**ACTION ITEM**
All of the records below are to be output exactly; no image belongs in the result.

**RECORDED INFORMATION**
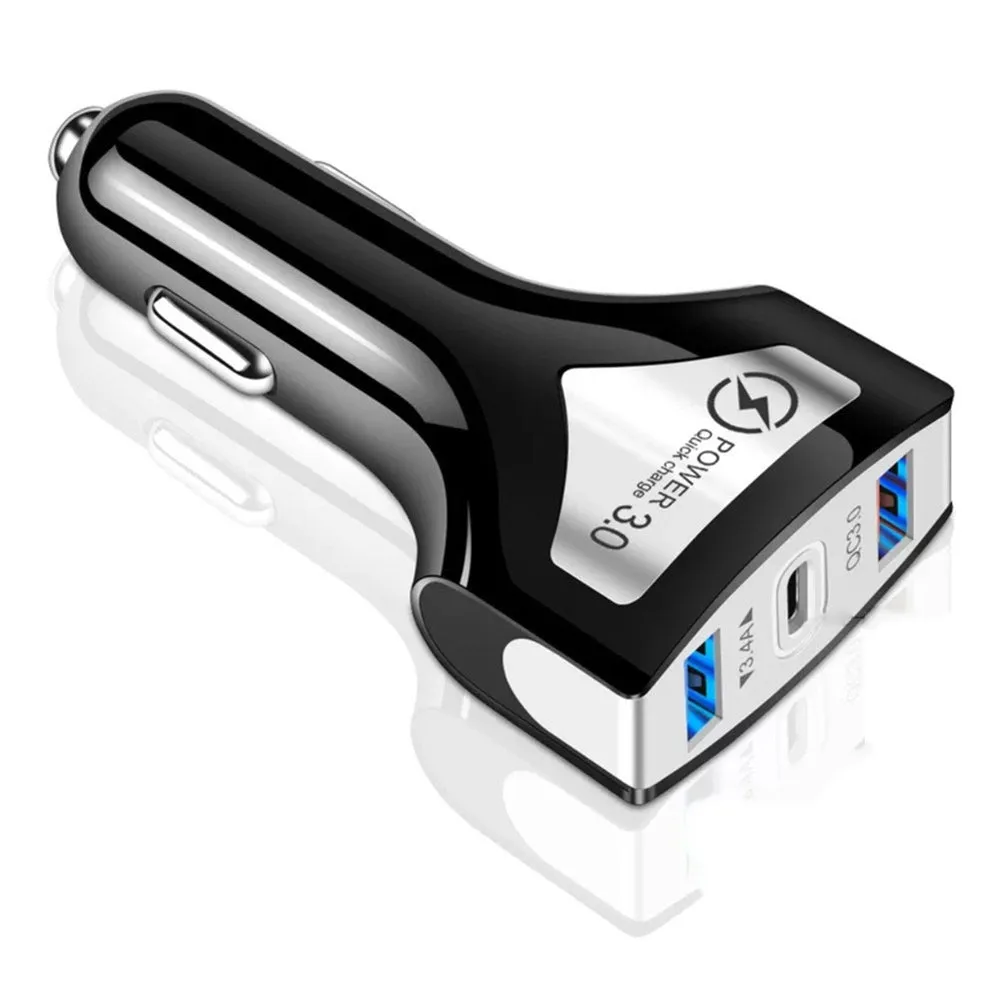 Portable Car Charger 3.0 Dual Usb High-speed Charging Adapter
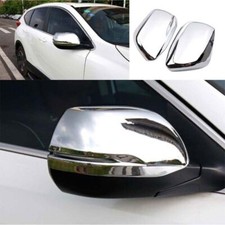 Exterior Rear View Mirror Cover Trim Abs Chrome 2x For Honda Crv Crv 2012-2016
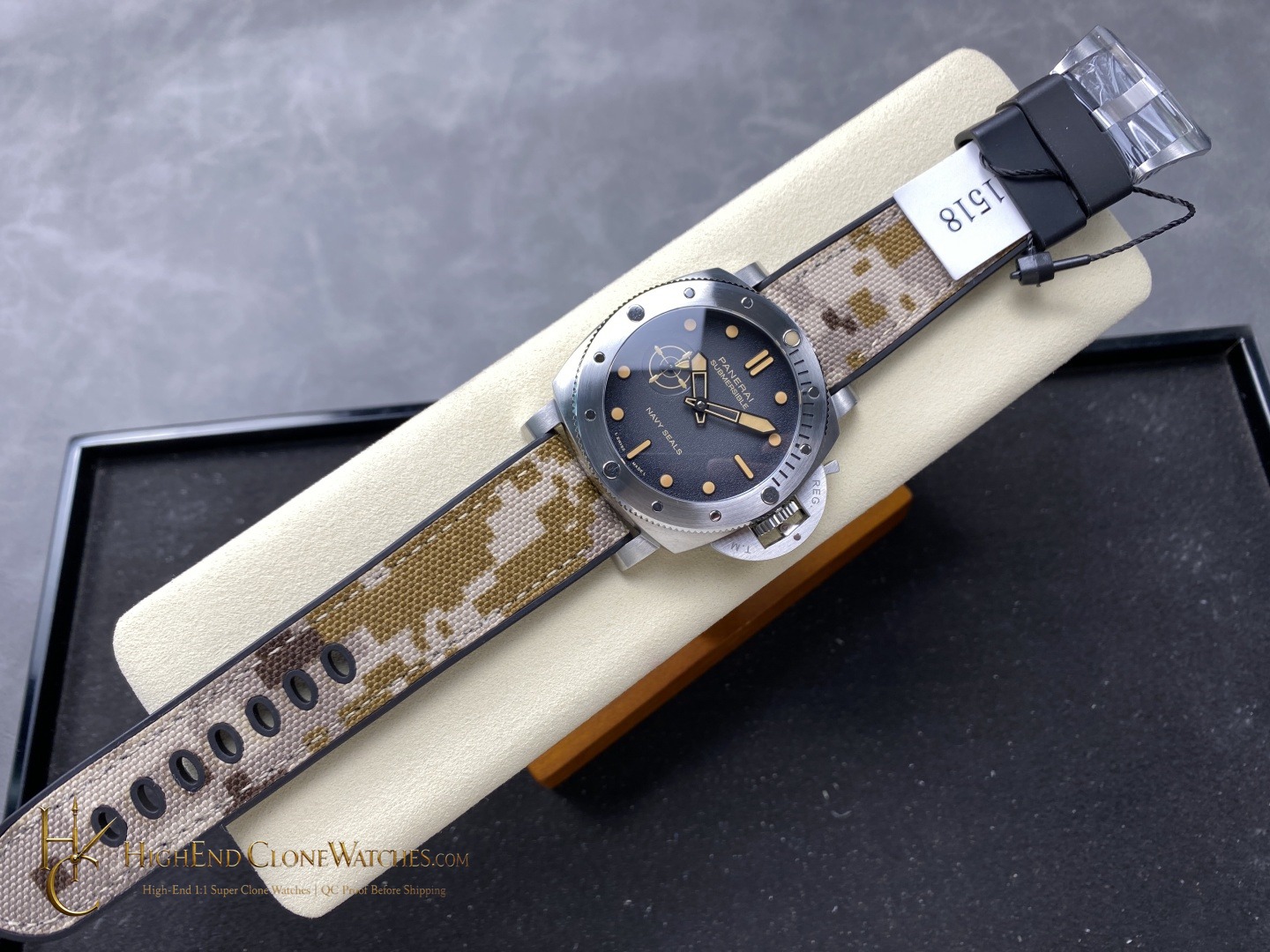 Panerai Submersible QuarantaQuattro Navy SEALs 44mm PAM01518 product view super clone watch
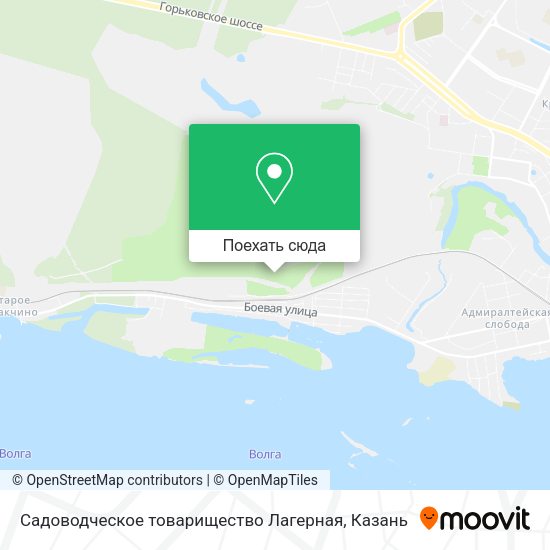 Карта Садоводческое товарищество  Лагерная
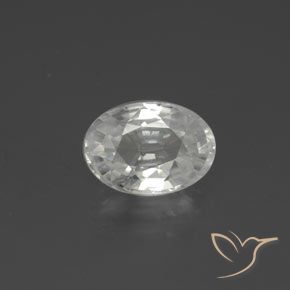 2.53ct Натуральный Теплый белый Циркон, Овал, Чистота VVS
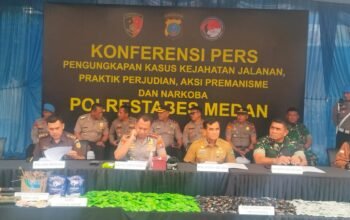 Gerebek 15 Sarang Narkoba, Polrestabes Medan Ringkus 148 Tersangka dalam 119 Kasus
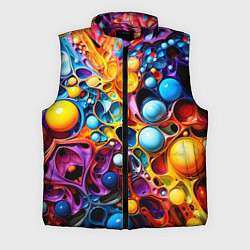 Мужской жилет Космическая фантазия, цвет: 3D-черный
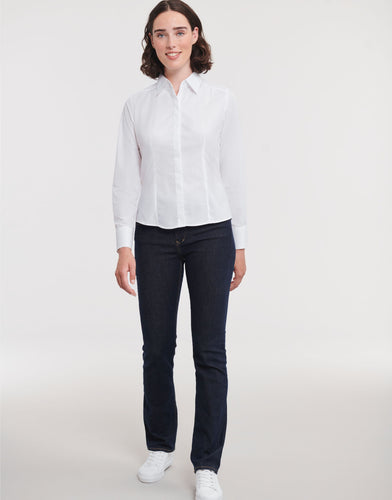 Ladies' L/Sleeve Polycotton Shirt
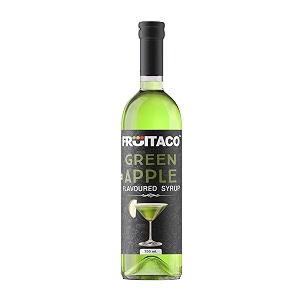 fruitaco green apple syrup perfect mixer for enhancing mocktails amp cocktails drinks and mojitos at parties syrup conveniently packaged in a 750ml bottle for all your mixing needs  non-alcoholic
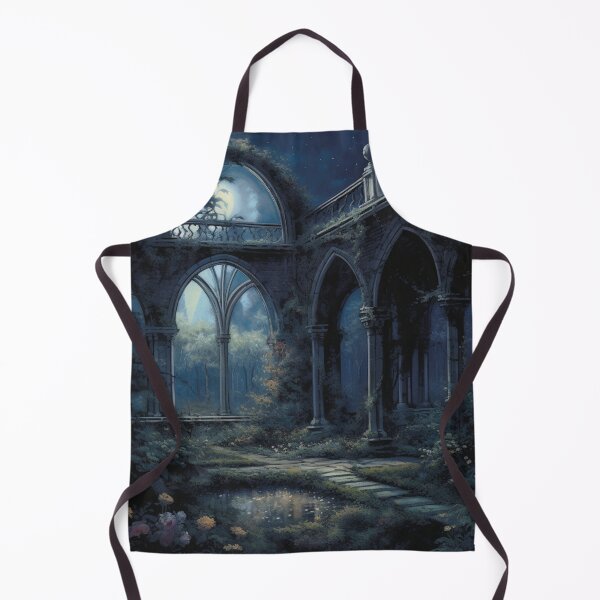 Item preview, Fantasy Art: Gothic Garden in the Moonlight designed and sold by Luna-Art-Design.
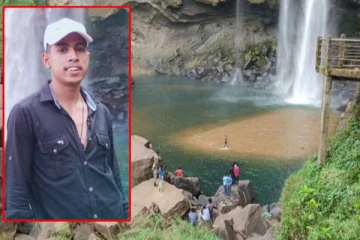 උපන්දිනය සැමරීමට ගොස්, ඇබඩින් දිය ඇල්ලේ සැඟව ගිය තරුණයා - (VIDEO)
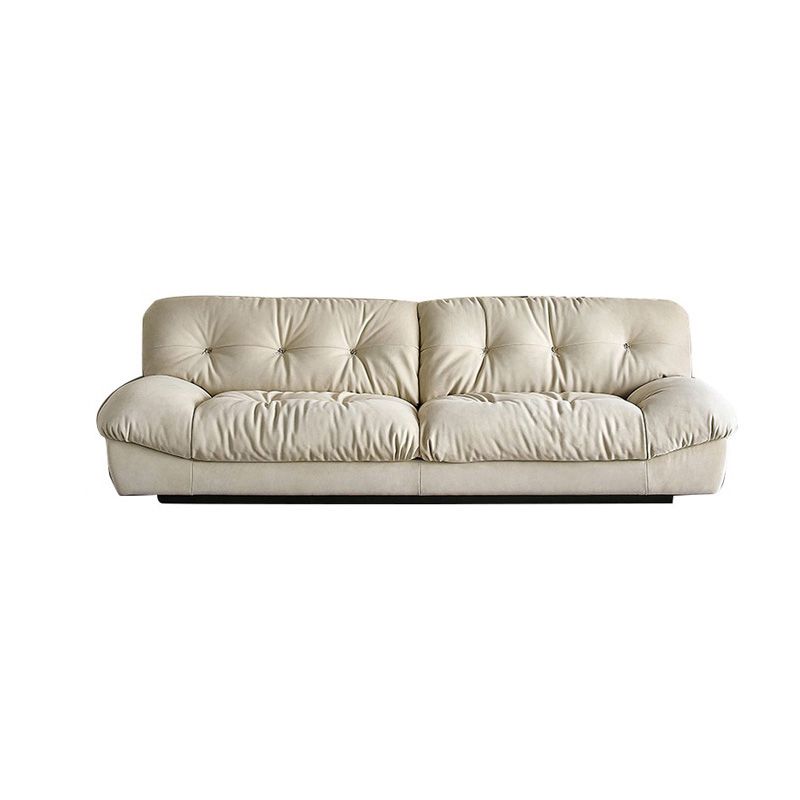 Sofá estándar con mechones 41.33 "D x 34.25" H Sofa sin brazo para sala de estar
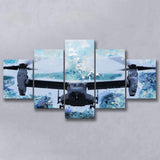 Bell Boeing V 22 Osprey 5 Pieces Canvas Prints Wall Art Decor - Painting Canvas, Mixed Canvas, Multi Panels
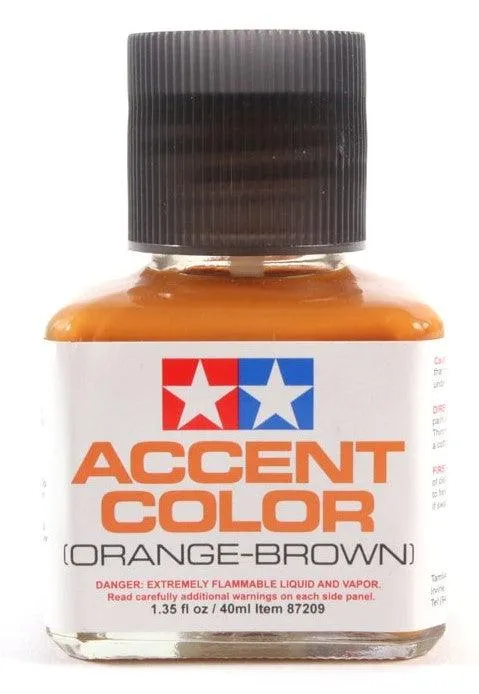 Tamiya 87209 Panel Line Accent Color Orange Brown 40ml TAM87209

**EXERCISE OUTPUT**
 Portable Car Charger 3.0 Dual Usb High-speed Charging Adapter
 Exterior Rear View Mirror Cover Trim Abs Chrome 2x For Honda Crv Crv 2012-2016
 Panerai Submersible QuarantaQuattro Navy SEALs 44mm PAM01518 product view super clone watch
 Карта Садоводческое товарищество  Лагерная
 2.53ct Натуральный Теплый белый Циркон, Овал, Чистота VVS
 Gerebek 15 Sarang Narkoba, Polrestabes Medan Ringkus 148 Tersangka dalam 119 Kasus
 Мужской жилет Космическая фантазия, цвет: 3D-черный
 Ladies' L/Sleeve Polycotton Shirt
 fruitaco green apple syrup perfect mixer for enhancing mocktails amp cocktails drinks and mojitos at parties syrup conveniently packaged in a 750ml bottle for all your mixing needs  non-alcoholic
 Item preview, Fantasy Art: Gothic Garden in the Moonlight designed and sold by Luna-Art-Design.
 උපන්දිනය සැමරීමට ගොස්, ඇබඩින් දිය ඇල්ලේ සැඟව ගිය තරුණයා - (VIDEO)
 Sofá estándar con mechones 41.33 "D x 34.25" H Sofa sin brazo para sala de estar
 Bell Boeing V 22 Osprey 5 Pieces Canvas Prints Wall Art Decor - Painting Canvas, Mixed Canvas, Multi Panels
 Tamiya 87209 Panel Line Accent Color Orange Brown 40ml TAM87209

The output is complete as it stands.